In an Afterword at the end of Haven, author Emma Donoghue describes a jagged island off the southwest coast of Ireland — known as “Skellig Michael” since the early Eleventh Century, but likely first inhabited by monks around the year 600 — and it’s in this time and place that she has chosen to set her story of a “living saint” and the two monastic brothers whom he enlists to found a new order at the uninhabited edge of the world. Donoghue is a master of historical fiction and she perfectly captures this time of stink and strain and superstition. She is also a writer who has lately taken to criticising the historical wrongdoings of the Catholic Church in her novels — which is a totally fair perspective for her to write from, but with a tale that focuses on a character who embodies the worst of the Church’s hubris, hypocrisy and misogyny, there weren’t a lot of surprises in this narrative; as pride goeth before a fall, so too does the reader anticipate a final reckoning. Certainly not a waste of time — Donoghue’s scenes and sentences are as engaging as ever — but this didn’t add up to anything special to this reader. (Note: I read an ARC through NetGalley and passages quoted may not be in their final forms.)

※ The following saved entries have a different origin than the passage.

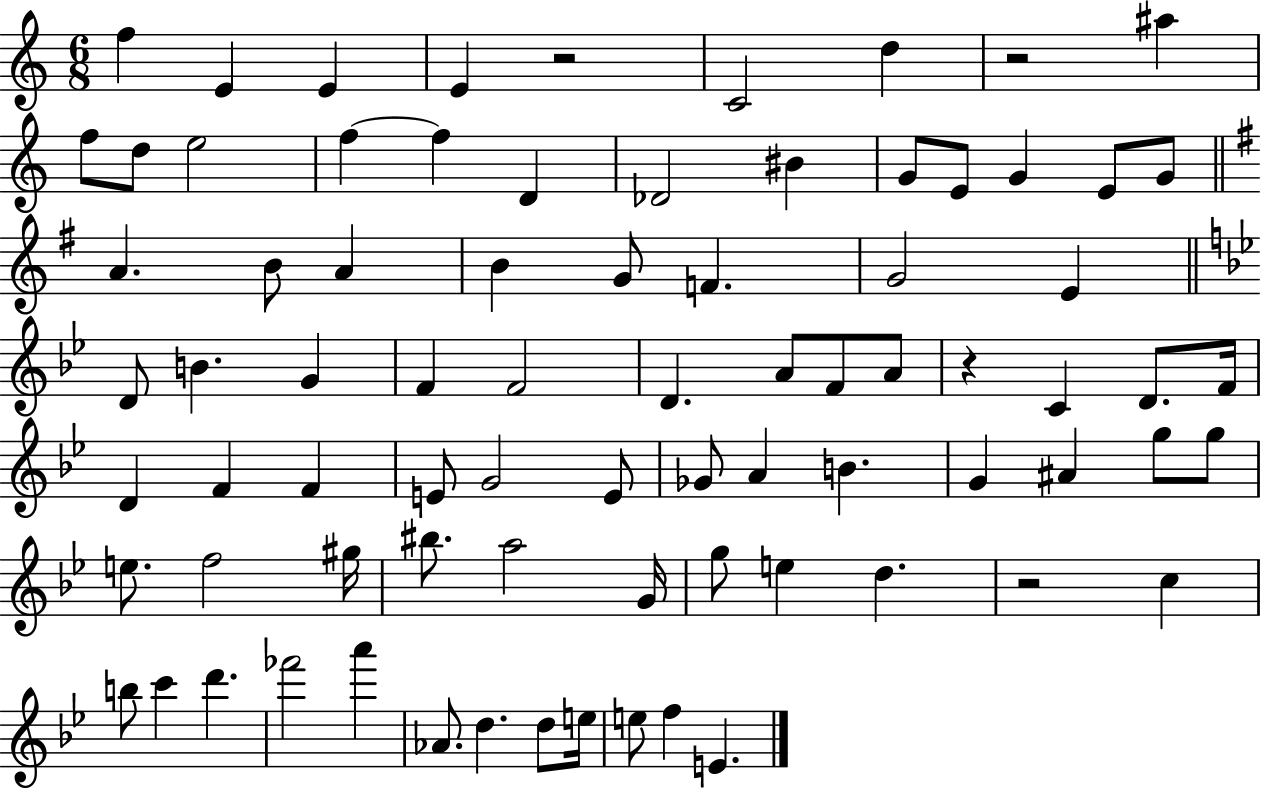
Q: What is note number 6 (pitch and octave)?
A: D5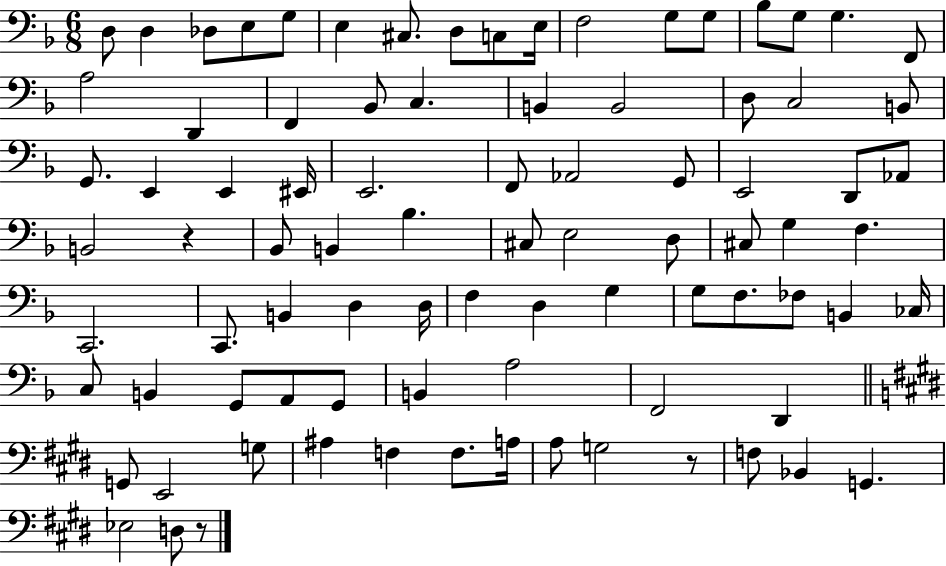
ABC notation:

X:1
T:Untitled
M:6/8
L:1/4
K:F
D,/2 D, _D,/2 E,/2 G,/2 E, ^C,/2 D,/2 C,/2 E,/4 F,2 G,/2 G,/2 _B,/2 G,/2 G, F,,/2 A,2 D,, F,, _B,,/2 C, B,, B,,2 D,/2 C,2 B,,/2 G,,/2 E,, E,, ^E,,/4 E,,2 F,,/2 _A,,2 G,,/2 E,,2 D,,/2 _A,,/2 B,,2 z _B,,/2 B,, _B, ^C,/2 E,2 D,/2 ^C,/2 G, F, C,,2 C,,/2 B,, D, D,/4 F, D, G, G,/2 F,/2 _F,/2 B,, _C,/4 C,/2 B,, G,,/2 A,,/2 G,,/2 B,, A,2 F,,2 D,, G,,/2 E,,2 G,/2 ^A, F, F,/2 A,/4 A,/2 G,2 z/2 F,/2 _B,, G,, _E,2 D,/2 z/2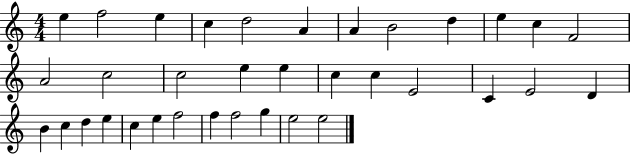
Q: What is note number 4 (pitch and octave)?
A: C5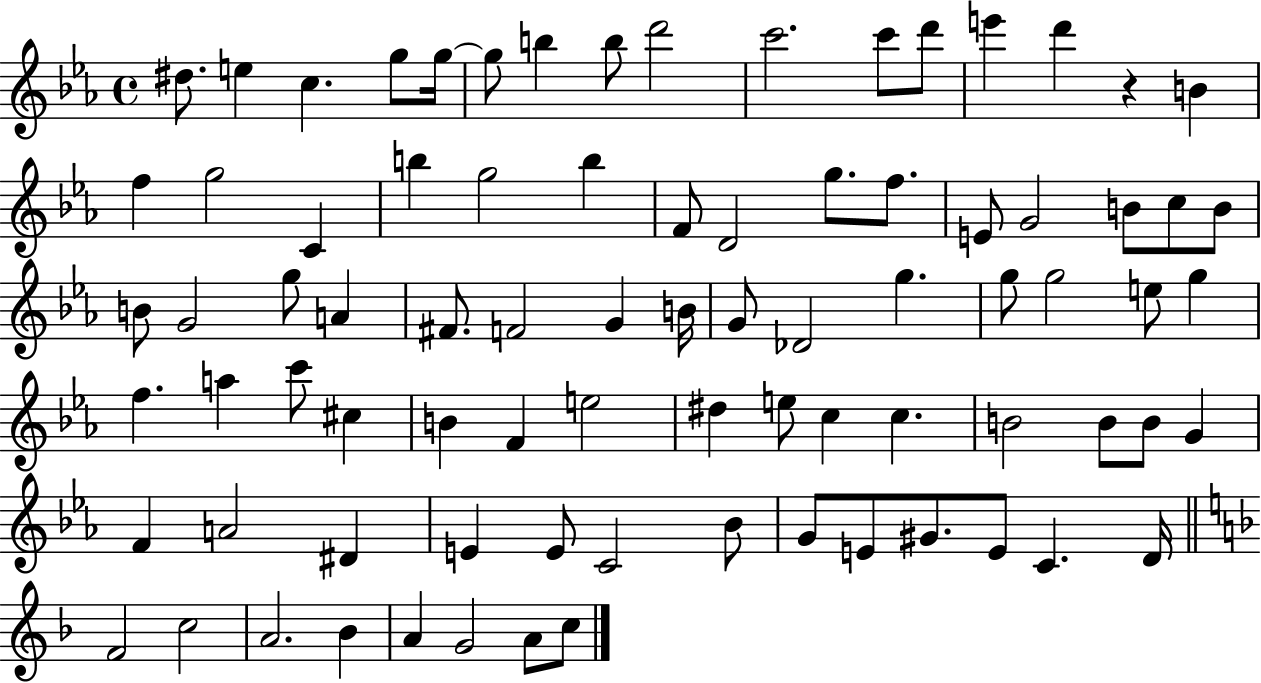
D#5/e. E5/q C5/q. G5/e G5/s G5/e B5/q B5/e D6/h C6/h. C6/e D6/e E6/q D6/q R/q B4/q F5/q G5/h C4/q B5/q G5/h B5/q F4/e D4/h G5/e. F5/e. E4/e G4/h B4/e C5/e B4/e B4/e G4/h G5/e A4/q F#4/e. F4/h G4/q B4/s G4/e Db4/h G5/q. G5/e G5/h E5/e G5/q F5/q. A5/q C6/e C#5/q B4/q F4/q E5/h D#5/q E5/e C5/q C5/q. B4/h B4/e B4/e G4/q F4/q A4/h D#4/q E4/q E4/e C4/h Bb4/e G4/e E4/e G#4/e. E4/e C4/q. D4/s F4/h C5/h A4/h. Bb4/q A4/q G4/h A4/e C5/e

Artt finds himself wondering if perhaps tales will be told about him. Is it arrogance to think it? The legend of how the priest and scholar Artt set off, with just two humble companions, in a small boat. The extraordinary pair of islands he found in the western ocean; how he claimed the higher one for God, and founded a great retreat in the clouds. The glory of the books reproduced there, and then generations of the copies’ offspring. The ceaseless hum of prayer always rising from that little hive.
Artt — a learned scribe and famed converter of pagan hordes — has a dream in which he and two fellow monastic brothers found a new order in the empty ocean. The brothers from his dream — one old and hunchbacked and the other young and gangly — are readily released from their vow of obedience to the worldly Abbot of Cluain Mhic Nóis (if only to get rid of the priggish and judgmental Artt), and several days into a frightful water journey, the trio land on the larger of a pair of sheer-cliffed “skelligs”. While the older monk, Cormac — trained in masonry and gardening — would like to immediately start building a shelter and planting food, and the younger, Trian — an observant naturalist from a clan of fishermen — would like to start planning trading trips in order to barter for the things not found on their hump of isolated rock, their godly Prior, Artt, charge the men with building their monastery — carving a gigantic cross, building a stone chapel, locating an open-aired scrivenery — assuring the others that God will provide for their bodily needs. What could go wrong with a plan like that?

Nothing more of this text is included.